Posted on April 7, 2010

The state of Rhode Island has embarked on massive study to develop off-shore wind farms, a move that will spur on the creation of many green jobs in Rhode Island.

New York Times reports that Rhode Island has forged ahead with its own plans to convert some of the state’s power source to wind. They aim to outpace and outsource Massachusetts, their neighbor to the north, which in turn has created a wind-power rivalry between the two states.

According to the Mother Nature Network, Rhode Island has invested more than $8 million of state’s money on research on birds, fish, habitats, and fisherman’s requirements, as well as areas important to Indian tribes. This is a marked departure from Massachusetts’s plan, which has put the state’s wind program in the hands of a private investor called Cape Wind.

According to the New York Times, instead of having a private developer dominate the research on potential sites, as Massachusetts has, Rhode Island embarked on a three-year scientific study, to be completed in August, of all waters within 30 miles of its coast. It has spent more than $8 million on research into bird migration patterns, wildlife habitats, fish distribution, fishermen’s needs and areas that might be of cultural importance to Indian tribes.

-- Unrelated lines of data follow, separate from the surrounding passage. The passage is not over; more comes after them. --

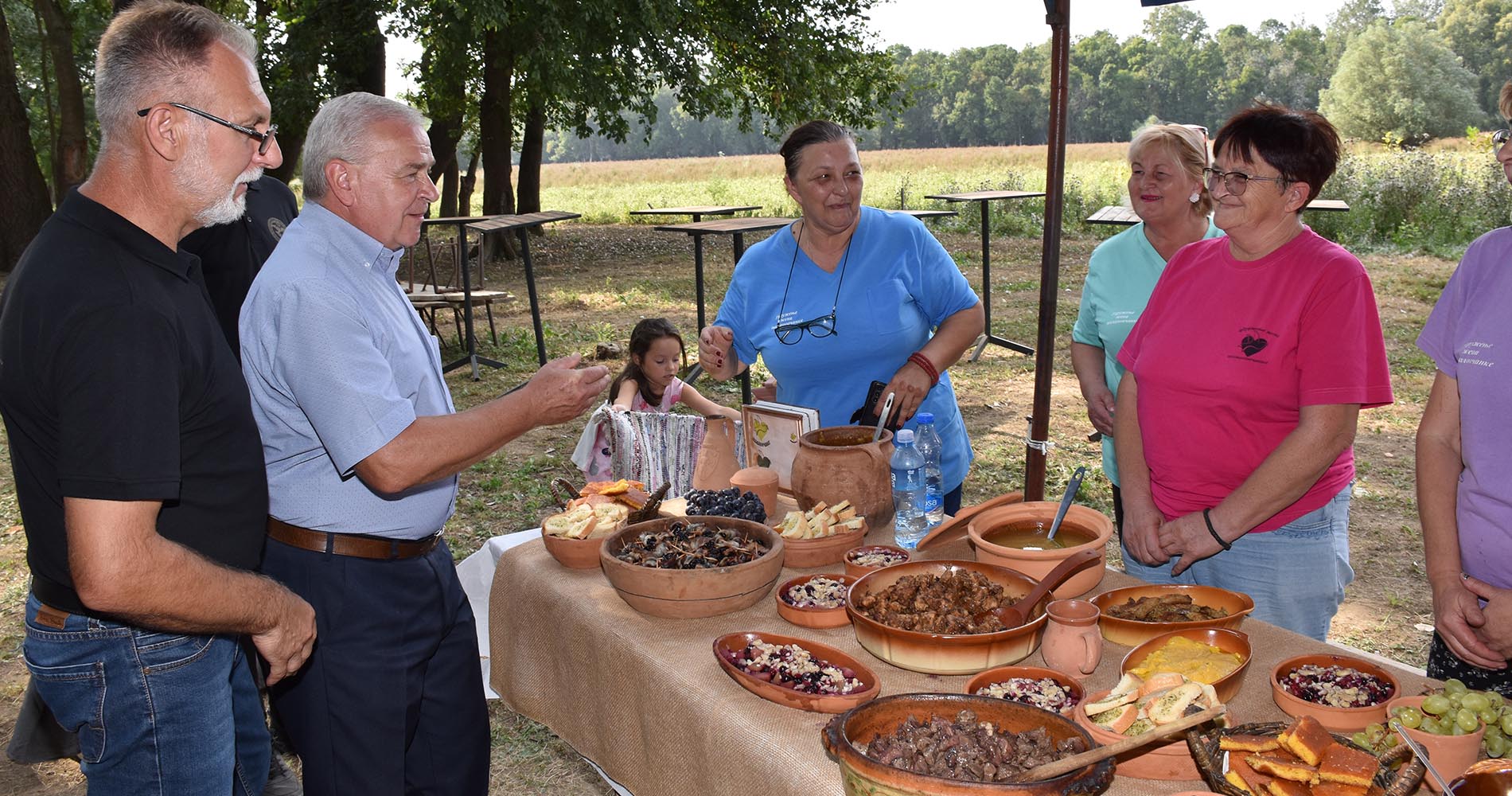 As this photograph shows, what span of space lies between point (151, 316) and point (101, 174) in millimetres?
290

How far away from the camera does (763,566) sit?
6.86 feet

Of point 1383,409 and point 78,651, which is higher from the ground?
point 78,651

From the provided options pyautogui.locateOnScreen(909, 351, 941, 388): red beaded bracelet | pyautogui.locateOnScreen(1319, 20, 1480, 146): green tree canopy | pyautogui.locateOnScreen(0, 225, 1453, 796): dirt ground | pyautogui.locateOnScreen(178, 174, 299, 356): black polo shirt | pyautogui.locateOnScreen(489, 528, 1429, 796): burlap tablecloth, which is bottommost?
pyautogui.locateOnScreen(0, 225, 1453, 796): dirt ground

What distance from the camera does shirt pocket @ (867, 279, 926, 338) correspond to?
9.78ft

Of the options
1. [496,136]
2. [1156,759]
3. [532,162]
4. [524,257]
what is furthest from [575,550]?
[532,162]

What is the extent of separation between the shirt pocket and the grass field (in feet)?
5.72

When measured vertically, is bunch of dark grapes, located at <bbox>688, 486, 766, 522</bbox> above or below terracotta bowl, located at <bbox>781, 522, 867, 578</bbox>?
above

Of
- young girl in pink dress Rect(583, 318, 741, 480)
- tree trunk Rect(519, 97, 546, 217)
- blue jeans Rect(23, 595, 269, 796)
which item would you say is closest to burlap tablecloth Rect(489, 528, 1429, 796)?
blue jeans Rect(23, 595, 269, 796)

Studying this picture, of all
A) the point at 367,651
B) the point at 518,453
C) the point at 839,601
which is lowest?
the point at 518,453

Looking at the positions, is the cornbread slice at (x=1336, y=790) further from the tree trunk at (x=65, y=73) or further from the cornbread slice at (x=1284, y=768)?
the tree trunk at (x=65, y=73)

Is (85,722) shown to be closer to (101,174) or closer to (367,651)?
(367,651)

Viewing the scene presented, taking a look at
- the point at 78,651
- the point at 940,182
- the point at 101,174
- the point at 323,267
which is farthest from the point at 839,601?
the point at 940,182

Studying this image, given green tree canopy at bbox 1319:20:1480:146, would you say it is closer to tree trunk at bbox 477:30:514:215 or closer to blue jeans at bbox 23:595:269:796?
tree trunk at bbox 477:30:514:215

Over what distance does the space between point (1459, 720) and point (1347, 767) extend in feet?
0.81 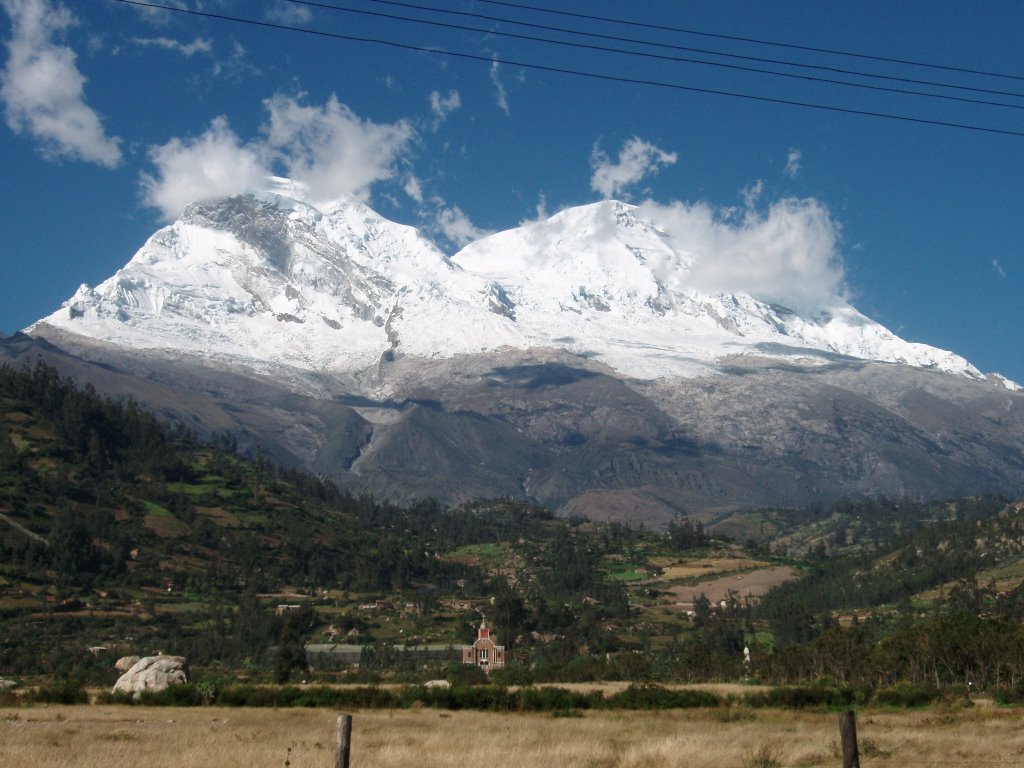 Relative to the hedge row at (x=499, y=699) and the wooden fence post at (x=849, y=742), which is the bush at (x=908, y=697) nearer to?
the hedge row at (x=499, y=699)

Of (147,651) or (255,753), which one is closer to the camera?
(255,753)

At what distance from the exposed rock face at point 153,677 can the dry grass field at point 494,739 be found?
7.61m

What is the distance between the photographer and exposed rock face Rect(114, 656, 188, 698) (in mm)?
62062

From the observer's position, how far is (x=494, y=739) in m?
39.4

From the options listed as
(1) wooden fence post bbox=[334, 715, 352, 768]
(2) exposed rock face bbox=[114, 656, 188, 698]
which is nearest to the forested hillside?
(2) exposed rock face bbox=[114, 656, 188, 698]

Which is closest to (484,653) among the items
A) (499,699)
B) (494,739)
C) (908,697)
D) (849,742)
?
(499,699)

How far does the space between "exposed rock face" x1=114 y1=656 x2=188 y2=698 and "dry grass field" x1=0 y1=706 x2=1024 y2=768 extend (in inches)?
299

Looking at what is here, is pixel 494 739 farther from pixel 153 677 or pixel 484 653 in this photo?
pixel 484 653

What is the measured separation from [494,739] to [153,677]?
3232cm

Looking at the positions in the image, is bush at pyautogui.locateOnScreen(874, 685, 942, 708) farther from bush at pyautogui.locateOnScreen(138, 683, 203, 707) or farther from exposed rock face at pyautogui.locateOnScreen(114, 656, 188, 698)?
exposed rock face at pyautogui.locateOnScreen(114, 656, 188, 698)

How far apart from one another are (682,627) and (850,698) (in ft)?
357

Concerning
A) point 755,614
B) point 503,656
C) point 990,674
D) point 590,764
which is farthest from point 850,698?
point 755,614

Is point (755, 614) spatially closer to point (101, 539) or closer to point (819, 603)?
point (819, 603)

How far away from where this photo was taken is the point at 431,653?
136 metres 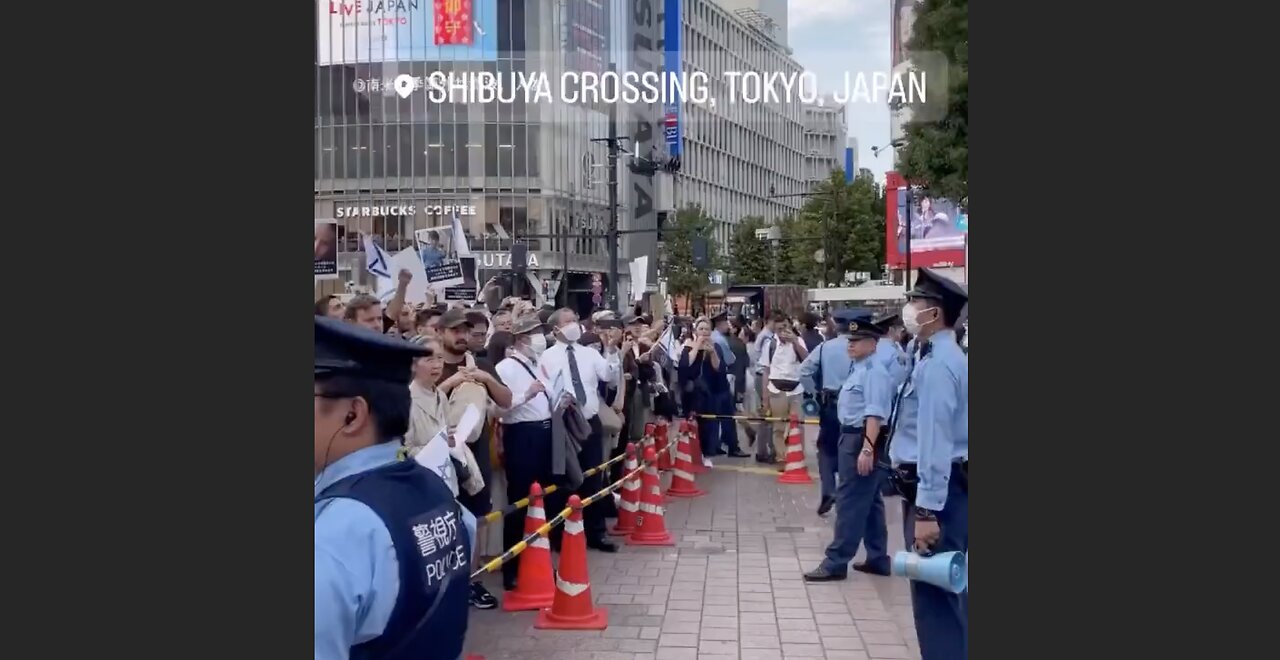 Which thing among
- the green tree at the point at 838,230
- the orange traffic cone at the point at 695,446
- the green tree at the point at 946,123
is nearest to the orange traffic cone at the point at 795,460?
the orange traffic cone at the point at 695,446

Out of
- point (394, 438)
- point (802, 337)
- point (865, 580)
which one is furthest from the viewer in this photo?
point (802, 337)

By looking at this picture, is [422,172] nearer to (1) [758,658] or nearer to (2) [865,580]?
(1) [758,658]

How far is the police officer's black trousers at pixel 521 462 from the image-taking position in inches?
280

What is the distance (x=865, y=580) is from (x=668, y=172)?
2.83 metres

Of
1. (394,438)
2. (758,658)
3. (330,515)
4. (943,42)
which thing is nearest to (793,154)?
(943,42)

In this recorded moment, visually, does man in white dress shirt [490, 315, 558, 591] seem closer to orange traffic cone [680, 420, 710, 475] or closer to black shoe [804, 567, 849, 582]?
black shoe [804, 567, 849, 582]

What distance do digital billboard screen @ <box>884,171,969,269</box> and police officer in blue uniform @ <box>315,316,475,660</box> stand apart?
7.50 feet

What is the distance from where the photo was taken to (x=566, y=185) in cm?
578

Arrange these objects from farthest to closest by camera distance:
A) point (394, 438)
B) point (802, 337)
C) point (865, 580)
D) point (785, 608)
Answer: point (802, 337) → point (865, 580) → point (785, 608) → point (394, 438)

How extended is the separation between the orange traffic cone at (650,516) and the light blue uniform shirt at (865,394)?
1634 millimetres

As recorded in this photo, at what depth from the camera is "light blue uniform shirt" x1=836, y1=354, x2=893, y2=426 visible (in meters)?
6.83

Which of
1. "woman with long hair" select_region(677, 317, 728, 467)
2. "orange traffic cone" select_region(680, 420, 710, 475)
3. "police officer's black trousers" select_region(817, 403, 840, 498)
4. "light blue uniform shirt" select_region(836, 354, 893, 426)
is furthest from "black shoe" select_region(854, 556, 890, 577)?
"orange traffic cone" select_region(680, 420, 710, 475)

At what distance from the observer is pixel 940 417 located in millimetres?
4566

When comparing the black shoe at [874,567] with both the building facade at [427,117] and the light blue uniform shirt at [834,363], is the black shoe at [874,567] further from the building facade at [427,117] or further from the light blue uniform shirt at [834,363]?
the building facade at [427,117] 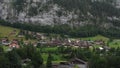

Its goal has been to head off the hurdles that have been in the way of the Massachusetts project, which has pitted coastal Indian tribes, business interest and homeowners against the developer, Cape Wind, and proponents of alternative energy. Frustrated by the failure of the two sides to broker an agreement, the Obama administration’s interior secretary, Ken Salazar, has promised to determine the fate of the project on his own this month.

Rhode Island has not secured permits, but it has trumpeted what Cape Wind so far lacks: a “power purchase” agreement with a utility company to buy what a farm generates. Yet on Wednesday, the state’s utility commission rejected that pact, which involved the proposed farm off Block Island, as too costly.

So for now, Cape Wind is poised to be first, said Matt Kaplan, a wind analyst at Emerging Energy Research, a firm that tracks emerging energy markets.

Rhode Island is not deterred.  The NY Time reports that a wind farm proposed in Rhode Island Sound could generate 1.3 million megawatt hours of energy a year, light up 125,000 homes and create more than 600 jobs. Meanwhile, other states have joined the search. Experts note that Delaware, Maine, New Jersey, New York and Virginia have all joined the search for clean, wind power. 
Nonetheless, the competition between Massachusetts and Rhode Island remains heated. Scott McWilliams is a University of Rhode Island ecologist who has studied the migration patterns of birds for the project. As he told the NY Times, “There’s definitely a rivalry in getting something in the ground first.”